* Exercise brief
Send back the entries below exactly as they appear.

* Exercise data
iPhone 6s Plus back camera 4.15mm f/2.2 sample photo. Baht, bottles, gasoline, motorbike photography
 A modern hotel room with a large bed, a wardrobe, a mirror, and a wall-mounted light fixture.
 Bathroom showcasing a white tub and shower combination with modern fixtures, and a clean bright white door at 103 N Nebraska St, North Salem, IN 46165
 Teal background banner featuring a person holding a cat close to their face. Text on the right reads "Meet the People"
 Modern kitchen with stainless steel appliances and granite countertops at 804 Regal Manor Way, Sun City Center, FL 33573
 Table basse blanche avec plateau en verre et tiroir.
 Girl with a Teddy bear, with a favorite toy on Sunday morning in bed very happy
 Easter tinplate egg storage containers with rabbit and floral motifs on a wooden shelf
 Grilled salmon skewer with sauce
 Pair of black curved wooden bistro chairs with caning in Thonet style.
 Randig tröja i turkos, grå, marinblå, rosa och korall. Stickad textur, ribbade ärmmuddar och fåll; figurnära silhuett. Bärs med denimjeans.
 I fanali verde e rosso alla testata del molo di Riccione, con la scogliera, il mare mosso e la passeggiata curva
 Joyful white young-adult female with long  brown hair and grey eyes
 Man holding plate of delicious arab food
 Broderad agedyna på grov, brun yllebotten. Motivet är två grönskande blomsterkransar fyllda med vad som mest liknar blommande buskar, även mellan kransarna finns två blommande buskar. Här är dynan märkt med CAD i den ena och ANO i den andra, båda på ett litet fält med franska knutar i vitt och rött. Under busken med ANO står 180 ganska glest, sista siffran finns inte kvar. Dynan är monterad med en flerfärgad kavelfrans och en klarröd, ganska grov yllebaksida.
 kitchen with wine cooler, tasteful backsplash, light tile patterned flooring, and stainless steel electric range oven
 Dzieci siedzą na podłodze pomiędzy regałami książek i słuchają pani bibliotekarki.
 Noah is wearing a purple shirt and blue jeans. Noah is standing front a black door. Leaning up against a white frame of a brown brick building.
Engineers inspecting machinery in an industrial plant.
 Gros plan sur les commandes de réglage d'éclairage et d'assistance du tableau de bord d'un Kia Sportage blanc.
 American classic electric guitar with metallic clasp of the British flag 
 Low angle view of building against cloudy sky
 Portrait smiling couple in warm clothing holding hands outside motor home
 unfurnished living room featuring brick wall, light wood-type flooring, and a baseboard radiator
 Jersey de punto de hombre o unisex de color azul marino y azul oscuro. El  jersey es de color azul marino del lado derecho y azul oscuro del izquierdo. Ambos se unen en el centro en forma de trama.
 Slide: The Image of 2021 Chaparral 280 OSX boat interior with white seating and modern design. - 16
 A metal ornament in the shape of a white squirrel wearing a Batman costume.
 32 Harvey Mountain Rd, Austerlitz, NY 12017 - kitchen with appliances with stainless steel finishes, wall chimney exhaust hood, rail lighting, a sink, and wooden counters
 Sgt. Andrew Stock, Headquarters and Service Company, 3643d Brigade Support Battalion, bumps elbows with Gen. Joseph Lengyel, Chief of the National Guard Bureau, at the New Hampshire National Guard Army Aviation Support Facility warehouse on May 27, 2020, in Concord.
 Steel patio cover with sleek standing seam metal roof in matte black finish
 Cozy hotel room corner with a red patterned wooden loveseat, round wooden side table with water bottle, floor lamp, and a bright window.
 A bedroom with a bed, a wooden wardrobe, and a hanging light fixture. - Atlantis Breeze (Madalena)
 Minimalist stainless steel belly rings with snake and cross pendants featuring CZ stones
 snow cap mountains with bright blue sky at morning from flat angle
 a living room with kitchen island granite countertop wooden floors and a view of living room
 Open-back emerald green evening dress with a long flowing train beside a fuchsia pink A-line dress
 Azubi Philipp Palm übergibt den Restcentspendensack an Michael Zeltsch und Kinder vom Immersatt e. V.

* Result for this task
iPhone 6s Plus back camera 4.15mm f/2.2 sample photo. Baht, bottles, gasoline, motorbike photography
 A modern hotel room with a large bed, a wardrobe, a mirror, and a wall-mounted light fixture.
 Bathroom showcasing a white tub and shower combination with modern fixtures, and a clean bright white door at 103 N Nebraska St, North Salem, IN 46165
 Teal background banner featuring a person holding a cat close to their face. Text on the right reads "Meet the People"
 Modern kitchen with stainless steel appliances and granite countertops at 804 Regal Manor Way, Sun City Center, FL 33573
 Table basse blanche avec plateau en verre et tiroir.
 Girl with a Teddy bear, with a favorite toy on Sunday morning in bed very happy
 Easter tinplate egg storage containers with rabbit and floral motifs on a wooden shelf
 Grilled salmon skewer with sauce
 Pair of black curved wooden bistro chairs with caning in Thonet style.
 Randig tröja i turkos, grå, marinblå, rosa och korall. Stickad textur, ribbade ärmmuddar och fåll; figurnära silhuett. Bärs med denimjeans.
 I fanali verde e rosso alla testata del molo di Riccione, con la scogliera, il mare mosso e la passeggiata curva
 Joyful white young-adult female with long  brown hair and grey eyes
 Man holding plate of delicious arab food
 Broderad agedyna på grov, brun yllebotten. Motivet är två grönskande blomsterkransar fyllda med vad som mest liknar blommande buskar, även mellan kransarna finns två blommande buskar. Här är dynan märkt med CAD i den ena och ANO i den andra, båda på ett litet fält med franska knutar i vitt och rött. Under busken med ANO står 180 ganska glest, sista siffran finns inte kvar. Dynan är monterad med en flerfärgad kavelfrans och en klarröd, ganska grov yllebaksida.
 kitchen with wine cooler, tasteful backsplash, light tile patterned flooring, and stainless steel electric range oven
 Dzieci siedzą na podłodze pomiędzy regałami książek i słuchają pani bibliotekarki.
 Noah is wearing a purple shirt and blue jeans. Noah is standing front a black door. Leaning up against a white frame of a brown brick building.
Engineers inspecting machinery in an industrial plant.
 Gros plan sur les commandes de réglage d'éclairage et d'assistance du tableau de bord d'un Kia Sportage blanc.
 American classic electric guitar with metallic clasp of the British flag 
 Low angle view of building against cloudy sky
 Portrait smiling couple in warm clothing holding hands outside motor home
 unfurnished living room featuring brick wall, light wood-type flooring, and a baseboard radiator
 Jersey de punto de hombre o unisex de color azul marino y azul oscuro. El  jersey es de color azul marino del lado derecho y azul oscuro del izquierdo. Ambos se unen en el centro en forma de trama.
 Slide: The Image of 2021 Chaparral 280 OSX boat interior with white seating and modern design. - 16
 A metal ornament in the shape of a white squirrel wearing a Batman costume.
 32 Harvey Mountain Rd, Austerlitz, NY 12017 - kitchen with appliances with stainless steel finishes, wall chimney exhaust hood, rail lighting, a sink, and wooden counters
 Sgt. Andrew Stock, Headquarters and Service Company, 3643d Brigade Support Battalion, bumps elbows with Gen. Joseph Lengyel, Chief of the National Guard Bureau, at the New Hampshire National Guard Army Aviation Support Facility warehouse on May 27, 2020, in Concord.
 Steel patio cover with sleek standing seam metal roof in matte black finish
 Cozy hotel room corner with a red patterned wooden loveseat, round wooden side table with water bottle, floor lamp, and a bright window.
 A bedroom with a bed, a wooden wardrobe, and a hanging light fixture. - Atlantis Breeze (Madalena)
 Minimalist stainless steel belly rings with snake and cross pendants featuring CZ stones
 snow cap mountains with bright blue sky at morning from flat angle
 a living room with kitchen island granite countertop wooden floors and a view of living room
 Open-back emerald green evening dress with a long flowing train beside a fuchsia pink A-line dress
 Azubi Philipp Palm übergibt den Restcentspendensack an Michael Zeltsch und Kinder vom Immersatt e. V.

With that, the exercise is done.